O final do século II a.n.e e o final do século II d.n.e correspondem à ocupação romana no sítio arqueológico (período Romano Republicano e período Romano Imperial), altura em que as populações itálicas se instalam no território algarvio. Foram identificadas várias estruturas habitacionais e funcionais (como por exemplo, fornos de cerâmica, áreas de produção metalúrgica, cetárias) que se encontravam organizadas em arruamentos. As peças arqueológicas que se encontram associadas a estas estruturas, devem ser destacadas pela sua abundância, variedade e estado de conservação. Deste vasto número, podem se destacar as cerâmicas campaniense A, cerâmica comum, cerâmica terra sigillata, cerâmicas paredes finas e vários tipos de ânforas, que evidenciam as relações comerciais de âmbito regional e com o mediterrâneo (Arruda et al. 2008). Foi, justamente no decorrer deste período que surgem indícios de que esta zona poderá ter correspondido à antiga Lacobriga (cidade romana enumerada por vários escritores da época, como por exemplo Pompónio Mela e Plutraco) porém, esta possibilidade nunca chegou a ser provada.

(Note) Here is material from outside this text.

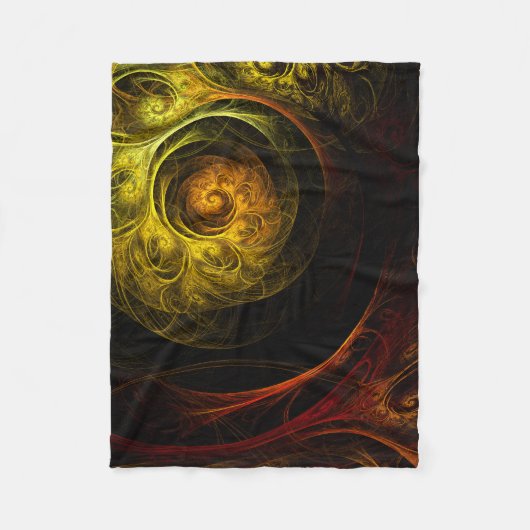 サンライズフローラレッド抽象芸術アート フリースブランケット (正面)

No final do século II d. C., é evidente um crescimento da população que expande a sua ocupação até a margem direita da ribeira de Bensafrim (atual cidade de Lagos). A ocupação do sítio torna-se mais restrita, com uma intensificação de atividades industriais, evidenciado pelos quatro fornos dispostos no sector C. Os fornos seriam compostos por várias fiadas de laterae e tegulae ligados por um sedimento argiloso e compacto, em que as suas plantas e orientações variam muito entre si. Mais uma vez, o conjunto artefactual é abundante e variado, devendo ser destacados a cerâmica comum de produção local, os fragmentos de ânforas, de terra sigillata (principalmente de produção sudgálica, mas também hispânica e africana), cerâmica de paredes finas (produzida na área de Cádiz) e de cerâmica de cozinha africana. 

Encontra-se, ainda, associado a este emblemático sítio arqueológico, uma necrópole romana, quase totalmente destruída no final do seculo XX. Neste espaço foram identificados rituais de cremação e inumação, tal como o espolio votivo, correspondente aos séculos I – II d.n.e (contemporâneo da ocupação do Monte Molião) e no século III d.n.e.

Assim, pode afirmar-se que ocupação de Monte Molião durou cerca de 550 anos, entre os séculos IV a.n.e e II d.n.e. 

A longa diacronia não facilita a interpretação da ocupação do sítio, dada a sua utilização ao longo de vários séculos, onde são evidentes reparações, demolições e reconstruções que nem sempre se apresentam absolutamente diferenciáveis do ponto de vista estrutural ou estratigráfico. Porém este sítio terá sido marcado pela indústria pesqueira e produção de sal que foram essenciais à sua sobrevivência, tal como para as trocas comerciais – a avaliar pelas importações registadas de produtos alimentares e manufaturados vindos de Itália, Gália, Bética e Norte de África. 

Escavação: Este sítio foi identificado por Estácio da Veiga, no final do século XIX, no âmbito da Carta Arqueológica do Algarve. Mais tarde, terá sido intervencionado por Santos Rocha, que procedeu à escavação apenas da necrópole romana. A partir do final do século XX foram realizados diversos trabalhos arqueológicos, no âmbito de projetos de salvaguarda contribuindo, na sua maioria, para dados sobre a ocupação humana. Entre 2006-2009, uma colaboração entre a Câmara Municipal de Lagos e o Centro de Arqueologia da Universidade de Lisboa (UNIARQ) permitiu a escavação do sítio continuamente (cinco campanhas de trabalhos de campo), em três sectores, perfazendo uma extensa área de 527 m2.

As intervenções arqueológicas permitiram datar o sítio entre os finais do século IV a.n.e. (II Idade do Ferro) e os finais do século II d.n.e. (período romano), bem como materiais integrados na Antiguidade Tardia (século IV d. C.).